26 September 2016
Major Archbishop Sviatoslav Shevchuk has led the Ukrainian Greek Catholic Church since 2011.
(photo: CNS/Paul Haring)
In the Autumn 2016 edition of ONE, writer Mark Raczkiewycz profiles Major Archbishop Sviatoslav Shevchuk, leader of the Ukrainian Greek Catholic Church — and below, offers some additional reflections on their conversation.
After spending a little over 30 minutes interviewing his beatitude, Major Archbishop Sviatoslav Shevchuk — head of the Ukrainian Greek Catholic Church — I was reminded of the strong historic continuity which clergymen bring to spiritual service.
Immediately acknowledging that the church’s roots stem from Constantinople, more than a half century before the Great Schism of 1054, Archbishop Sviatoslav carefully chose his words throughout the interview, as if to reinforce the institutional memory that his position embodies.
He didn’t convey his main points in a philosophical or lofty manner.
Archbishop Sviatoslav spoke with an upbeat and excited tone, a sign that he is at ease with his role of serving more than eight million faithful worldwide.
That assuredness keeps him grounded.
Speaking of being raised in an underground Catholic household in Soviet western Ukraine, where he also attended a secret seminary, he said: “I never thought that I would become a priest for the public service.
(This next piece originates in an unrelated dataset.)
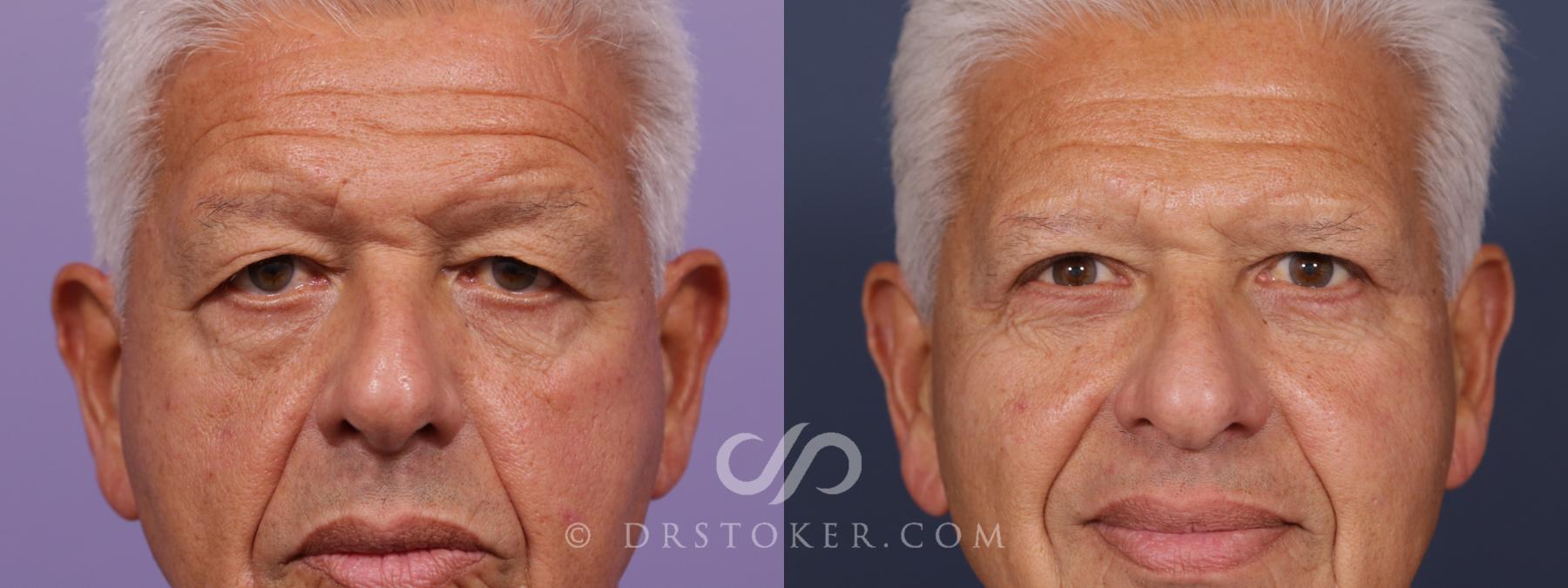Before & After Eyelid Surgery for Men Case 2094 Front View in Los Angeles, CA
I never thought that one day I would go abroad to study somewhere else outside the limits of the former Soviet Union. I never thought that I would become a bishop and the possibility to become a bishop for the Ukrainians in Argentina. This is an idea from another world.”
Along the way he got a doctorate in moral theology in Rome. He also learned to speak seven languages — our interview was in English, although I am fluent in Ukrainian — and, according to priests in Chicago, where Archbishop Sviatoslav visited earlier this year, the major archbishop is an avid violin player and even sings as a cantor when needed.
Although the majority of the faithful live in western Ukraine, the church in 2005 moved its headquarters from Lviv back to what he called its historic birthplace in Kiev. The Russian Orthodox Church in Moscow protested—and objected again in 2013, when the newly built Patriarchal Cathedral of the Resurrection of Our Lord was consecrated in Ukraine’s capital, close to the eastern bank of the mighty Dnipro River.
Referring to the war that Russia has waged against Ukraine for three years now, the major archbishop said, “we have to do everything to prevent further escalation of that aggression...We have to stop bloodshed between our nations.” Archbishop Sviatoslav said the church holds weekly prayers on Tuesdays for “our enemies...a prayer for the aggressors and for those who consider us their enemies.”
He said he would be eager to meet with Patriarch Kirill of Moscow to share a “message of reconciliation.”
Speaking of the other families of the Eastern churches, he spoke repeatedly about “political correctness,” and conveyed the idea that clergymen have the duty to share with others, their flock and with other people of the cloth, the truth of what is happening in their countries.
Archbishop Sviatoslav certainly does that every chance he gets.